● **PROBLEM STATEMENT**
Nothing but the pictures should be dropped; repeat the rest of the data below exactly.

*** Opening MATERIAL PROVIDED ***

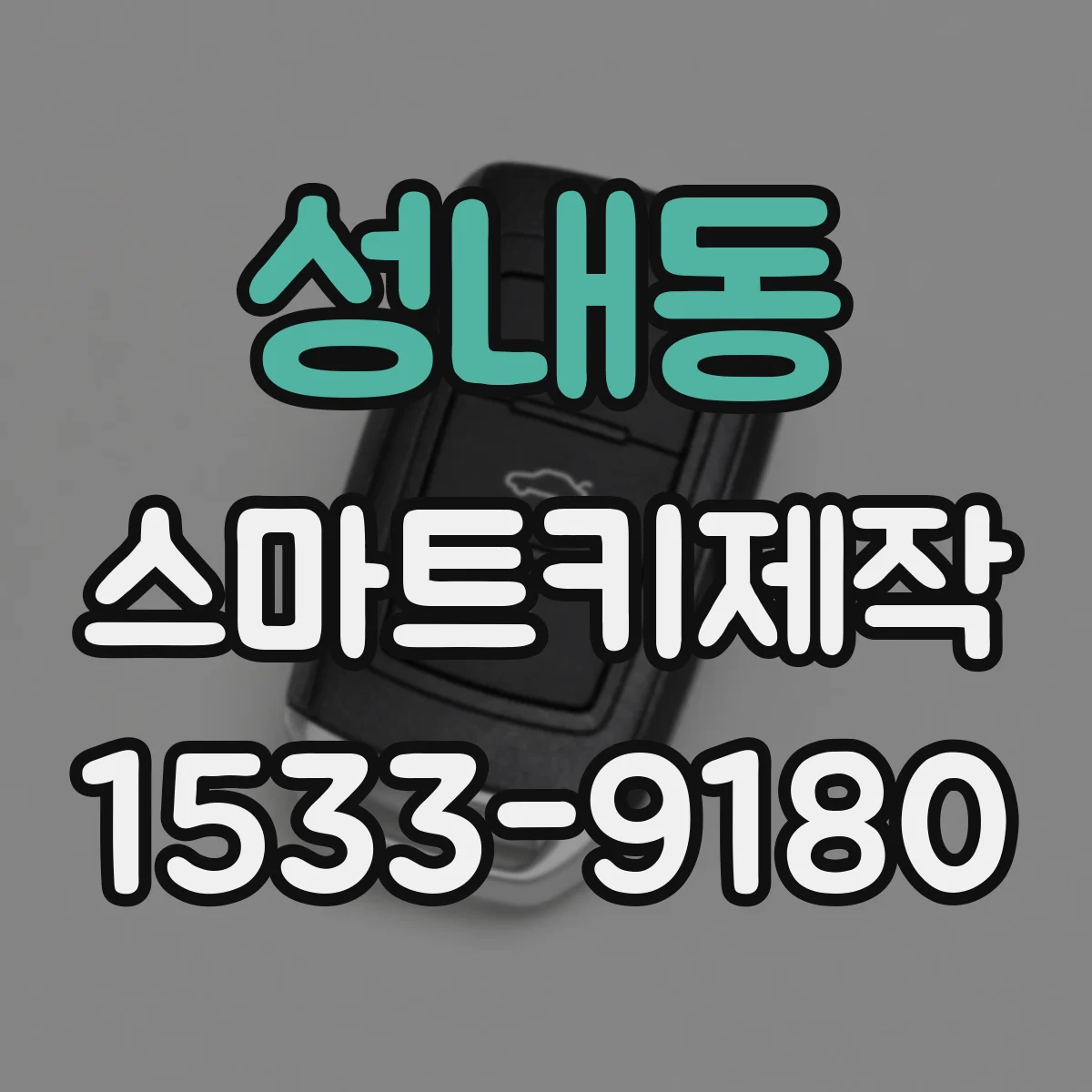 성내동 스마트키제작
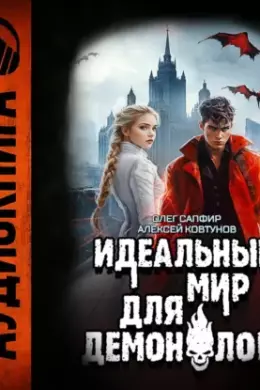 Идеальный мир для Демонолога 7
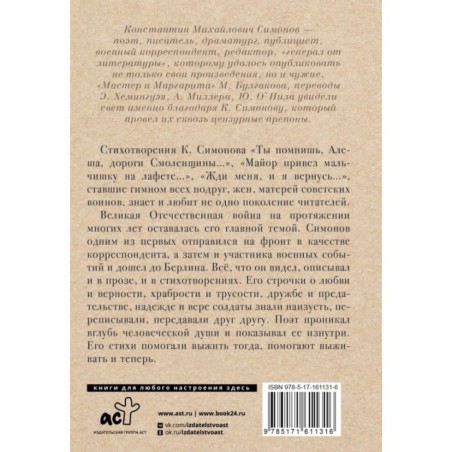 Жди меня, и я вернусь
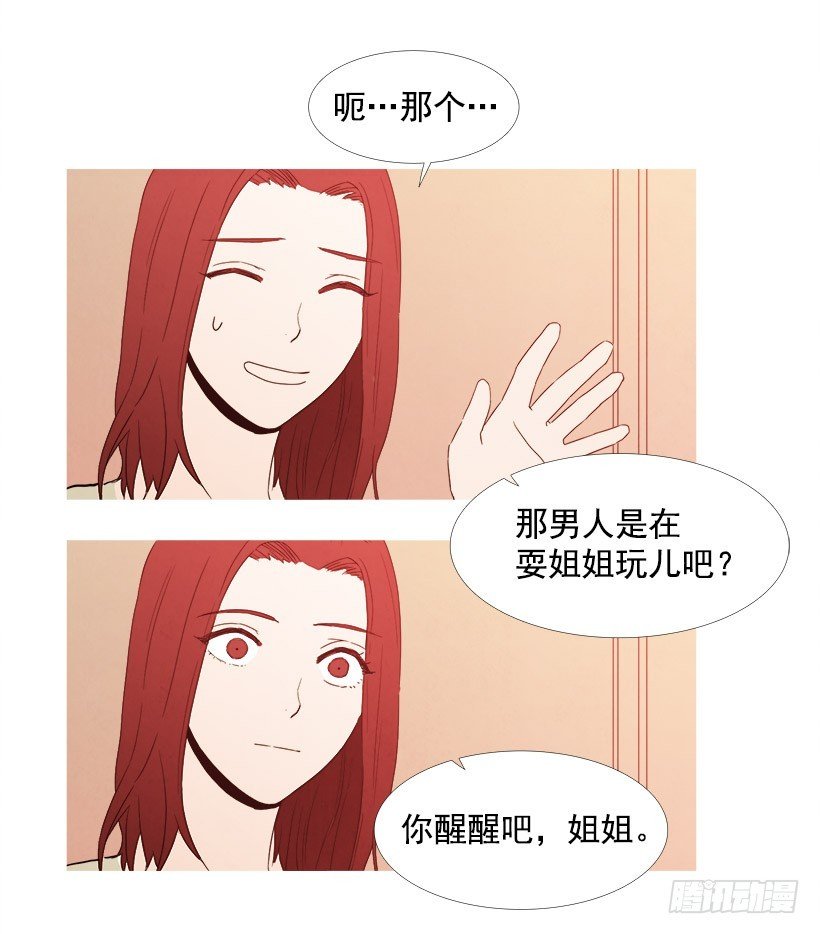 别上当了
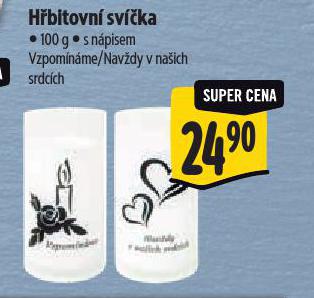 HBITOVN SVKA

*** Closing MATERIAL PROVIDED ***

● **TASK OUTPUT**
 성내동 스마트키제작
 Идеальный мир для Демонолога 7
 Жди меня, и я вернусь
 别上当了
 HBITOVN SVKA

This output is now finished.